If a service request is received during a query window, a response can provide more detailed service information about the receiving station or group to the querying station. In some examples, a querying station can coordinate a service request and response event 220 with other stations, such as other stations associated with the querying station in a group, by letting the other stations know in advance that a query will be made. The other interested stations in the group can then wake during the query window to listen to the detailed service information. As illustrated in FIG. 2, social and service information of the groups can be more efficiently exchange using a coordinated request and response service discovery protocol according to the present subject matter. In FIG. 2, the dashed lines extending from the request and response events 220 indicate that other stations (S) can listen for, and discover, service information using a service request of a different station. Efficiency can be realized in terms of reduced communication traffic, and wider information exchange with reduced power consumption of each station of the system.
In certain examples, a group can include only members that can directly communicate with each other member of the group directly. This type of group can be referred to as a group arranged to communicate with each other station of the group using a single hop. For a new member to join the group, the new member may be expected to communicate directly with each existing member of the group before being accepted to the group.
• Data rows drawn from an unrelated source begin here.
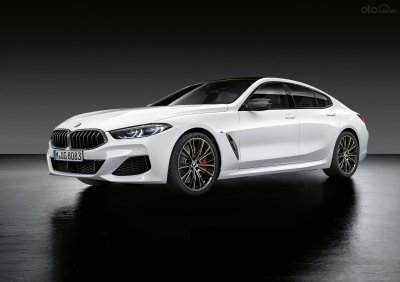 BMW 8-Series Gran Coupe góc 3/4 đầu xe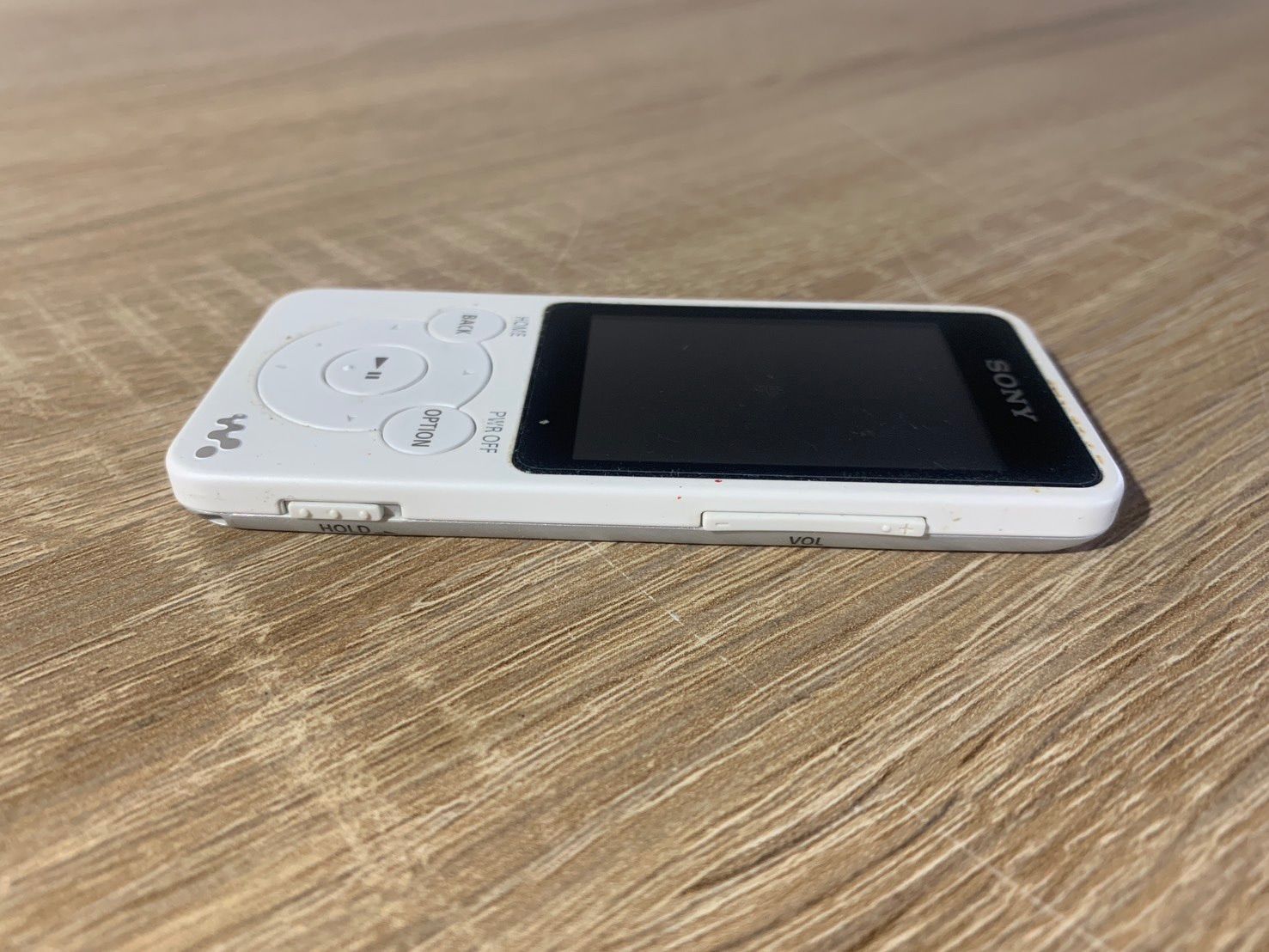 ソニーウォークマンSシリーズNW-S784、ポータブルドックスピーカー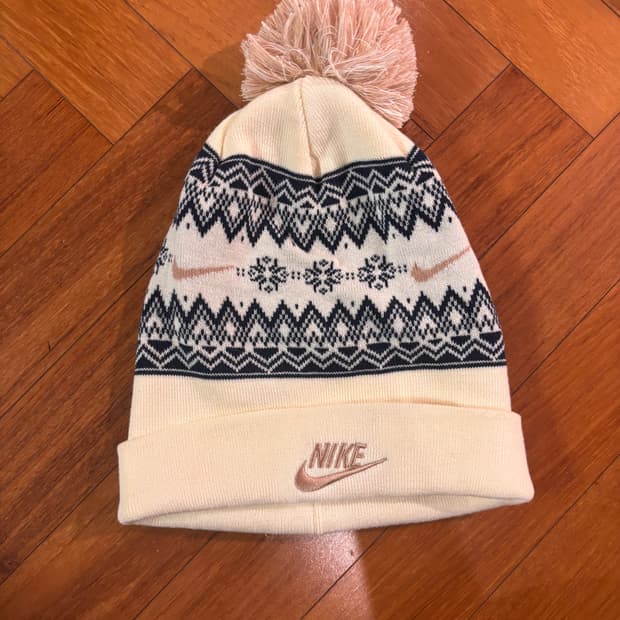 새상품 나이키 비니 아이보리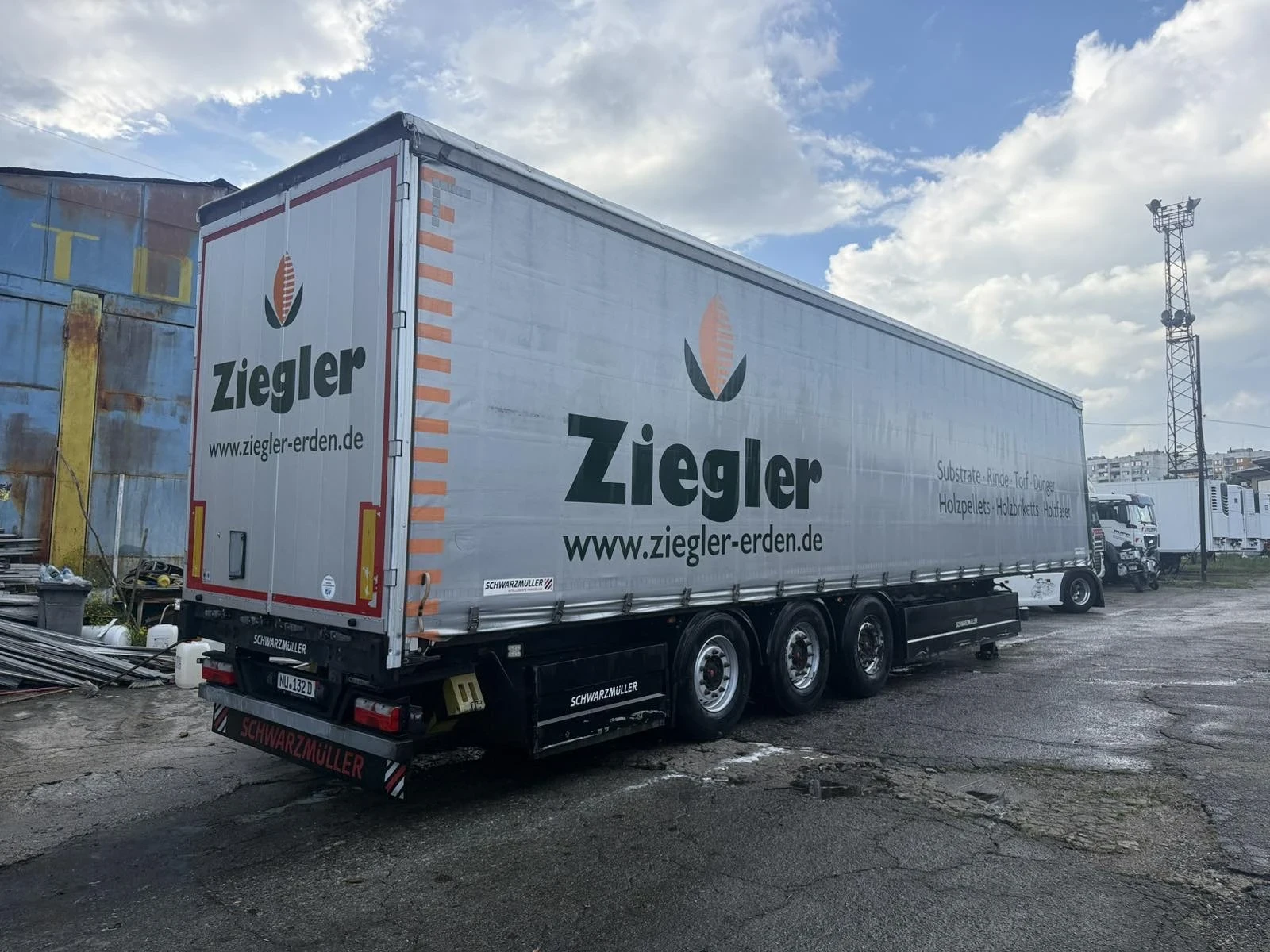 Полуремарке Schwarzmuller 6380 кг.тара / буге 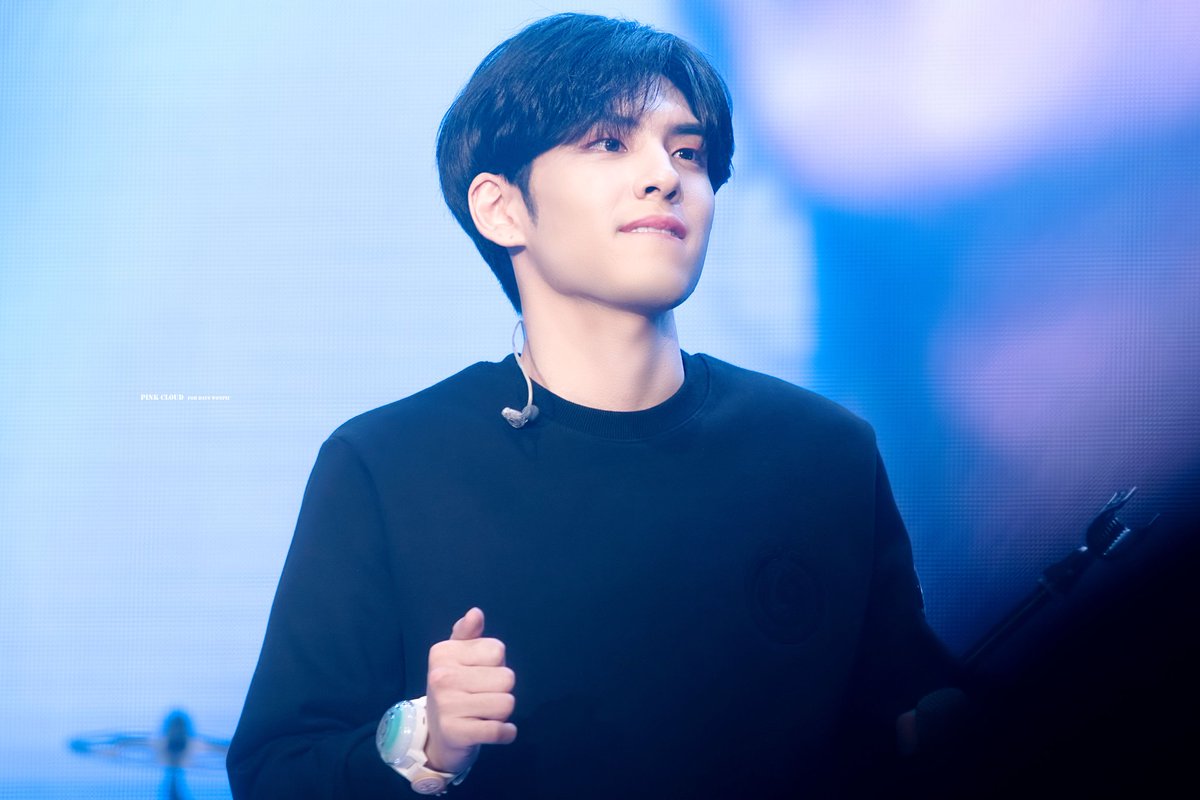 pink_cloud94's tweet photo. 빠이빠이 2019년!👋👋
#데이식스 #DAY6 #원필 #wonpil https://t.co/fN8BxuZ8if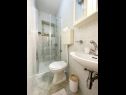 Apartementen Mihaela - sea view : A1(5+1), A2(4), SA3(2) Trogir - Riviera Trogir  - Appartement - A1(5+1): badkamer met toilet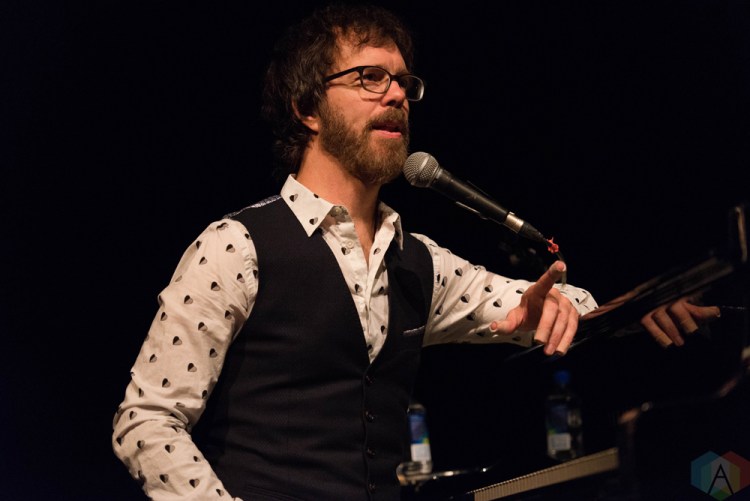 CHICAGO, IL - OCTOBER 28: Ben Folds performs at Riviera Theatre in Chicago on October 28, 2017. (Photo: Katie Kuropas/Aesthetic Magazine)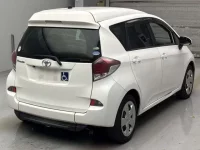 Toyota RACTIS лот № 18051 оценка 3.5  с аукциона в Японии 1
In certain examples, each station can be a wireless station. In some examples, each station can include a transmitter, a receiver, or a transceiver capable of communication over an Institute of Electrical and Electronic Engineers (IEEE) 802.11 compatible wireless network. In certain examples, a wireless communication module can include a transmitter, a receiver, or a transceiver capable of communication over an IEEE 802.11 compatible wireless network. IN some examples, the wireless communication module can include a processor, memory and an antenna operable with an IEEE 802.11 compatible transmitter, receiver, or transceiver. In certain examples, the wireless communication module can wirelessly communicate information be stored in, or retrieved from the memory. In some examples, the transceiver, transmitter, or receiver can exchange control commands with the processor to control a mode of the wireless communication device such as switching the wireless communication device or a portion thereof into and out of a sleep mode, for example.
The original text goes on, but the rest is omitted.